Hopewell City Charter Change Approved
By LYNDON GERMAN
Feb 2, 2017, 15:37
With the commencement of 2017 Virginia General Assembly, Hopewell representatives hope to push through to amend the city’s charter to clarify language that’ll incentivize development. As of Jan. 30 the bill has made it out of committee and has passed the the floor of the House of Delegates.
Late in November, Hopewell City Council held a special meeting to approve the amended charter and then in December the Hopewell Legislative Committee met with its General Assembly representatives to explain the importance of these changes.
The city is requesting a change to Chapter 25 of the city’s charter sections one and three. The chapter addresses the renewal of Hopewell’s Water Renewal commission, the method of which its members are chosen and how Hopewell’s City Council and local manufactures contribute funds to the commission.

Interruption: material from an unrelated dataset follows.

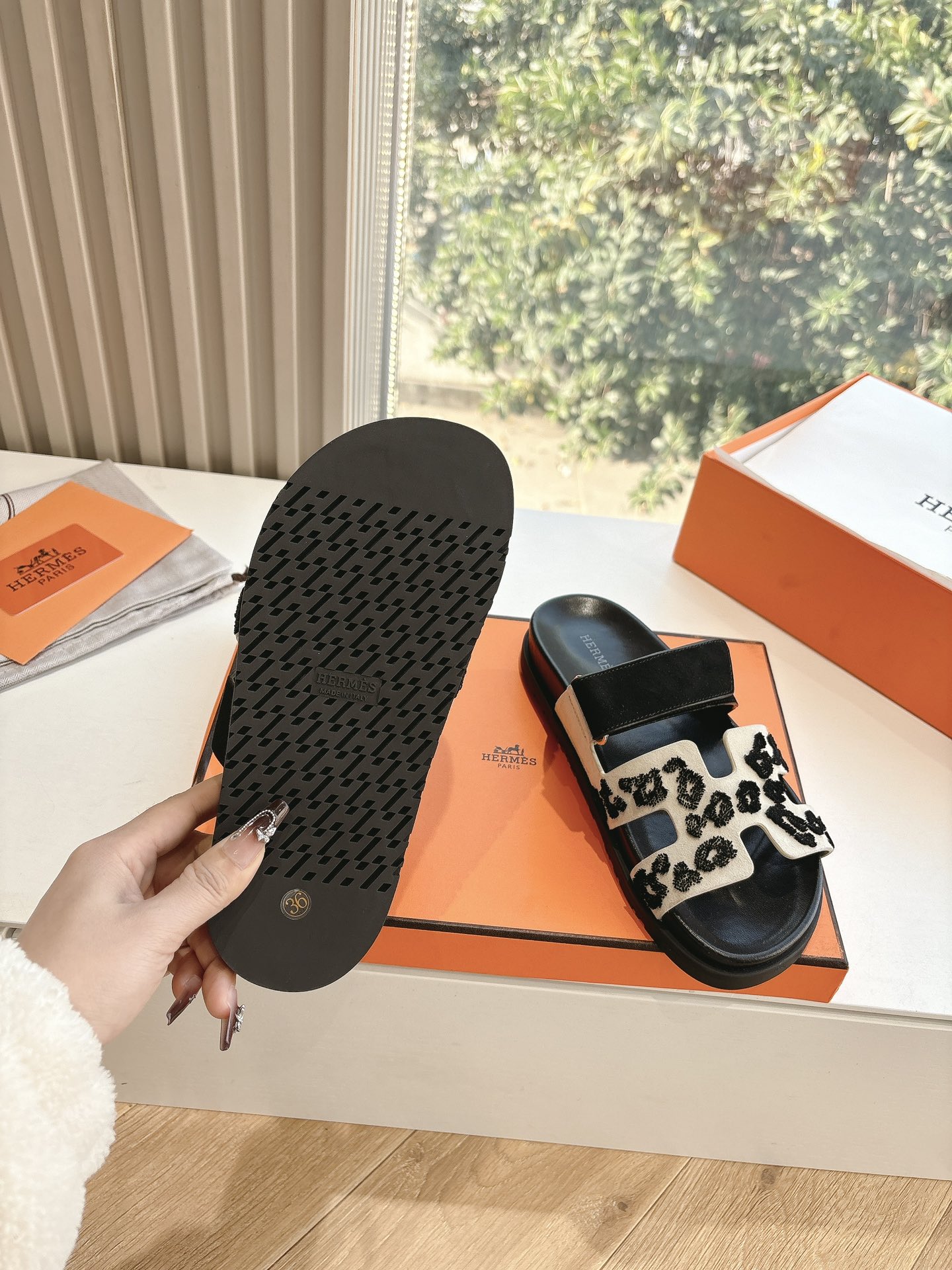 🌾男码➕110🌾G038代购级别所见即所得G033HERMES爱马仕| 2025 𝐬𝐬最新款大H扣人字扣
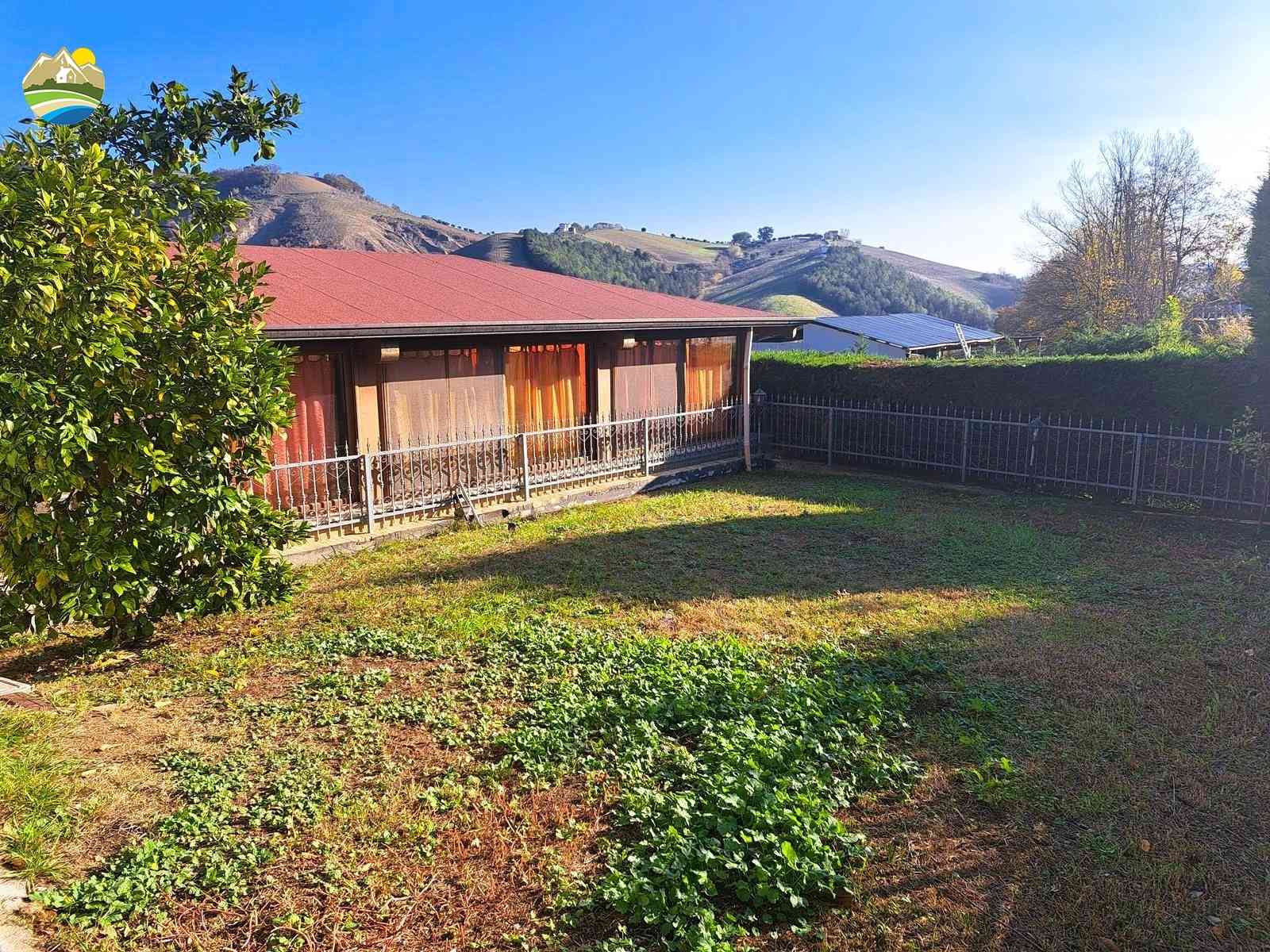 Country Houses Country Houses for sale Cellino Attanasio (TE), Casa La Taverna - Cellino Attanasio - EUR 345.000 1100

Initially the charter’s language states that the commission be made up eight members, five of whom are nominated by local manufactures, who act on behalf of the city on matters related to the city-owned wastewater treatment facility. Those matters include maintenance and expansion of the facility.
Previously new manufactures appointed to the commission give a capital contribution of 4% of the original cost of their facility.
The changes Hopewell wishes to makes expands the amount of commission members approved by City Council from eight to a undisclosed number, six of those members shall be made up of manufactures and the capital contribution for new manufactures shall be determined by City Council upon their recommendation.
The reason for the change is to incentivize manufacturer development. As construction cost go up the initial 4% request became a larger hurdle for manufactures to jump. With a negotiable contribution developers will be able to alleviate some of their contributing cost.
The proposed changes made it through Virginia House of Delegates subcommittees with unanimous votes though with one substitution which limits the commission membership to nine members. The bill was read for the third time on the house floor on Feb. 1 where it passed with a block vote.